Optimal Azure AI translator API call batching

Can someone give ideas how could I create optimal batches for Azure AI translator calls?

Limits are max 50000 characters max per batch and max 1000 strings per batch. Then there can be x amount destination languages that multiplies characters per language. So string with 100 characters will take space of 200 characters example if you use two destination languages. If you have one string with length 50000 you can only have destination language. These destination languages are defined per batch. So example if I had 6 destination languages I could split them to two batches of 3 languages each and so on.

What exactly are you asking? If you have a string of 50_000 characters and need 2 languages, that maybe your code should split it in two and then call the API, or what?

How to make optimal batches with limit of 50000 characters/letters and 1000 strings per batch.
Making it optimal with one language wouldn’t be that bad but as there can be multiple languages and if you add another language it will multiple every string length added to the batch. Then because you have 50000 character limit you can’t example put 30000 long string into a batch with two languages because that will go over 50000 total character limit per batch as that one string is counted 60000 length string.

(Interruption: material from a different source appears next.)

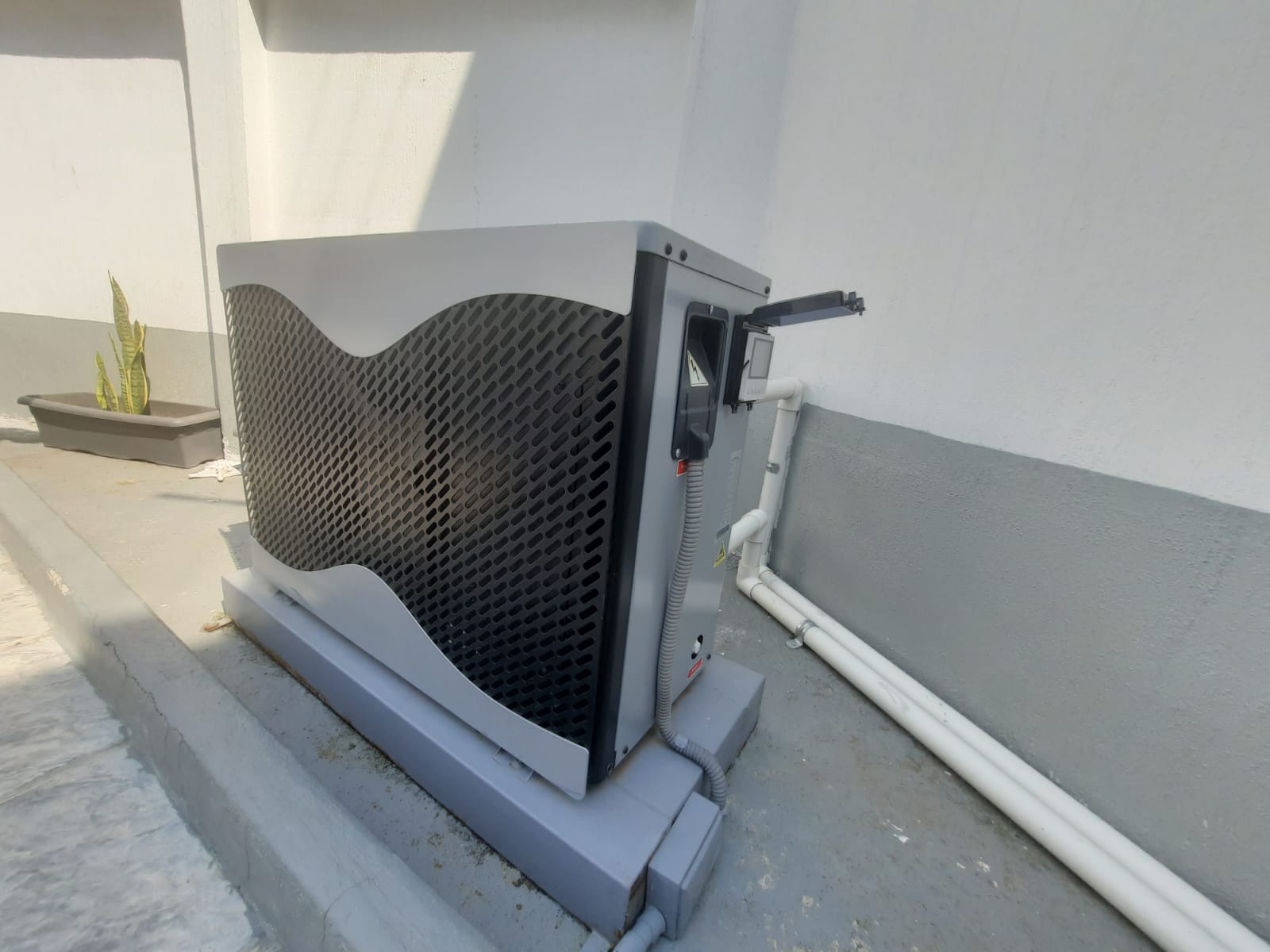 Instalacion 1 de Bomba de Calor 21TG1 / 70000BTU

In some situations we have over 10 destination languages but how many destination languages depends on situation and can be pretty much anything from 1 to 20.

I tried to think how I could make optimal batches but my brain started to hurt badly so came here to ask help :wink:

Edit:

So example if I have 10 destination languages, 2500 strings and those string can be any length under 50000. How do I create optimal batches meaning minimum amount of API calls out of those when limit is 50000 total characters/letters and 1000 strings where every strings length (characters) count is multiplied with number of destination languages used per API call (batch).

Yep, I get that, but what’s still missing in your question is how would you do it manually?

Would you:

  • Split the 30_000 string to 25_000 + 5000 and do two requests each with two languages requested for translation, or
  • Split the 30_000 string to 15_000 + 15_000 and do the same?

Maybe I am misunderstanding you but it looks like trivial division would do the trick?

Or are you saying that e.g. if you have 2 x 5_000 length strings then you can still batch some other strings inside the same request?

String can’t be splitted because they go AI translator. I mean if you split a string how it’s translated would change. I’m saying that if example had 5_000 length string I could translate it to 10 languages in one request. But one API call can only have specific destination languages so you can’t define destination languages per string.

So example if I have a string and 10 destination languages I can either use single API call with that string and set use all those 10 destination language to translate that string to 10 languages or I could do 10 API calls with single destination language. Example if string would have length of 25_000 I could only use two destination languages for one API call because with two languages that would be counted as 50_000 characters long that is the API total character limit.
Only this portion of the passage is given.